START EXERCISE MATERIAL
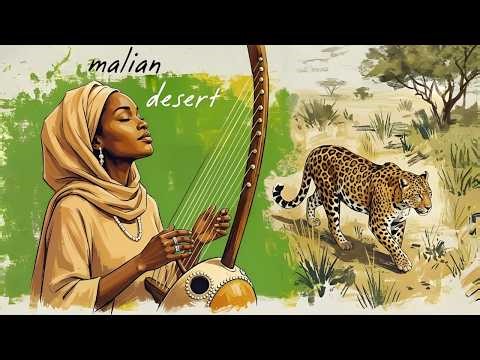 Malian Kora Instrumental • Peaceful Melodies & African Café Music for Relaxing Vibes
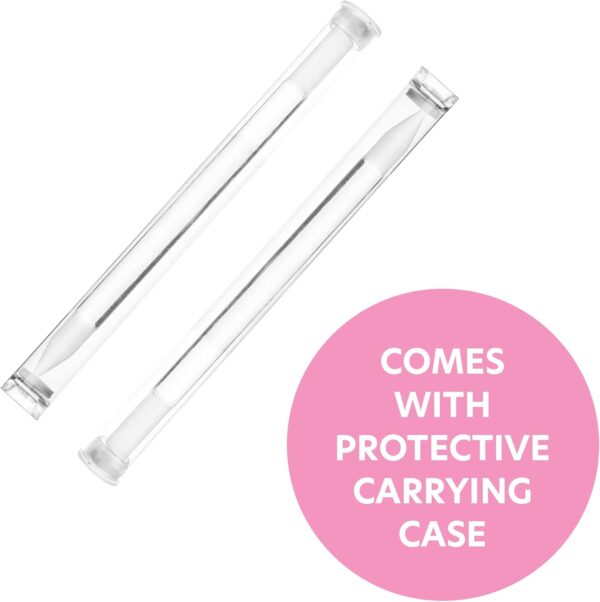 Glass Cuticle Pusher Set of 2 Manicure Nail Care Tools, 2PC Premium Czech Glass Manicure Sticks - Bona Fide Beauty Czech Glass Cuticle Set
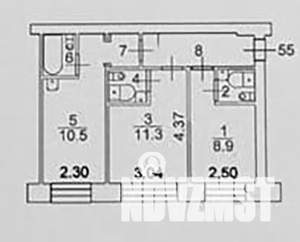 Студия квартира, вторичка, 16м2, 1/5 этаж
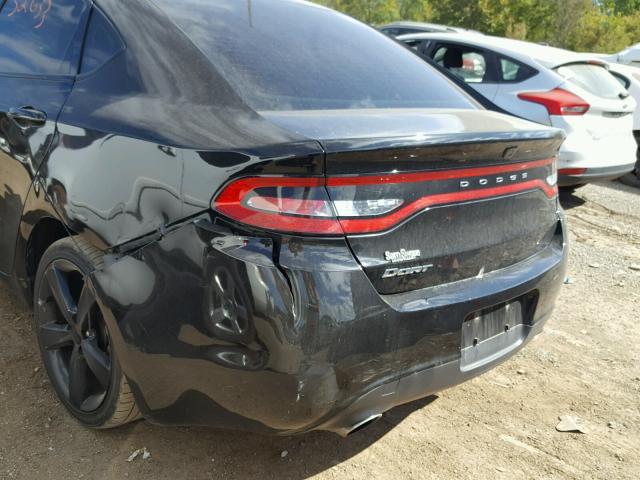 1C3CDFBB7GD539628 - 2016 DODGE DART SXT BLACK photo 9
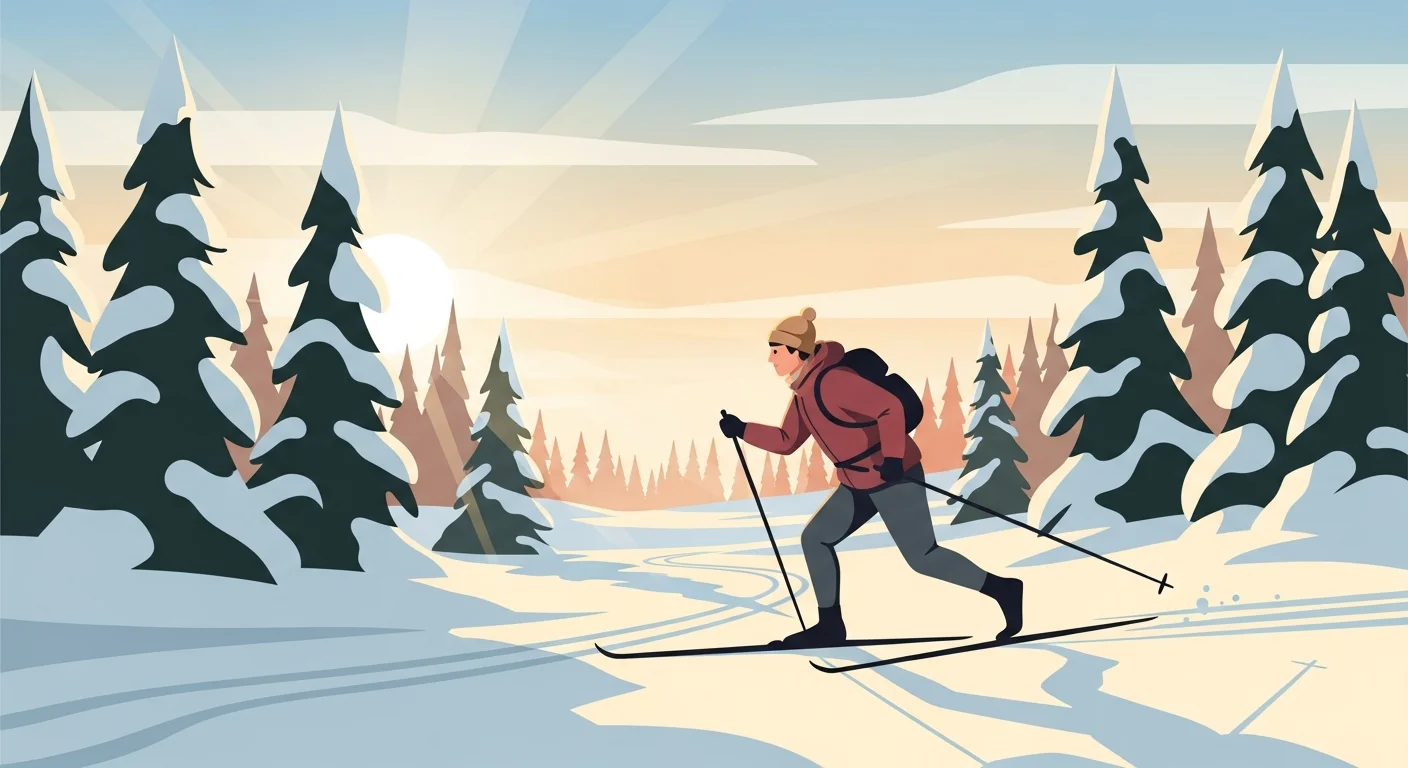 Finnish Sisu: Determined Skier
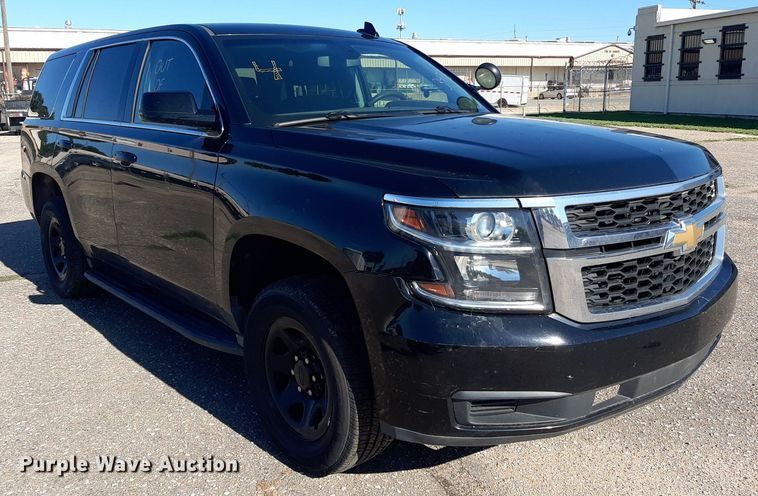 image for item NH9396 2017 Chevrolet Tahoe Police SUV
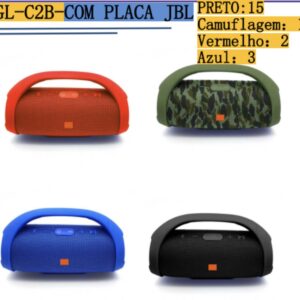 caixa de som boombox mini
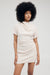 THIRD FORM ELECTRIC TUCKED TEE DRESS | BONE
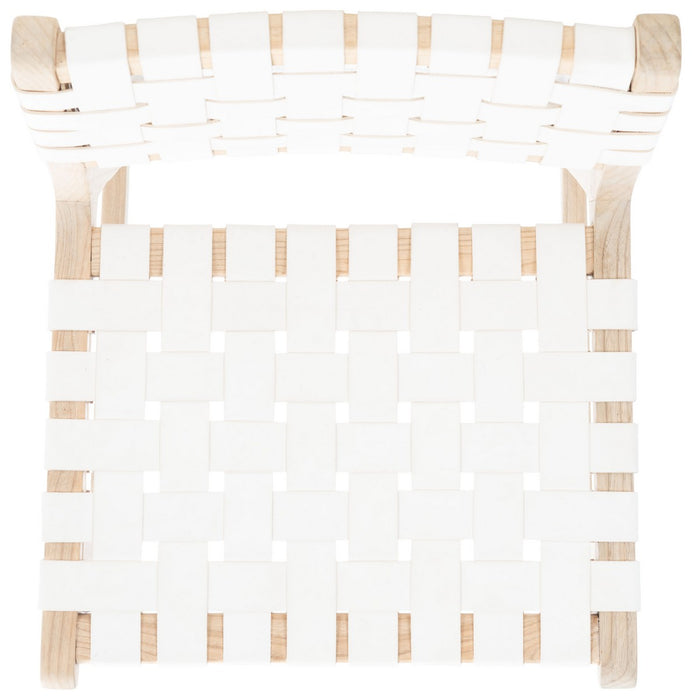 Adah Contemporary White Leather Bar Stool - Cool Stuff & Accessories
END EXERCISE MATERIAL
Your copy should consist only of the lines from the one containing "image for item" through the last line of the entries above, reproduced exactly, without pictures.

EXERCISE OUTPUT:
 image for item NH9396 2017 Chevrolet Tahoe Police SUV
 caixa de som boombox mini
 THIRD FORM ELECTRIC TUCKED TEE DRESS | BONE
 Adah Contemporary White Leather Bar Stool - Cool Stuff & Accessories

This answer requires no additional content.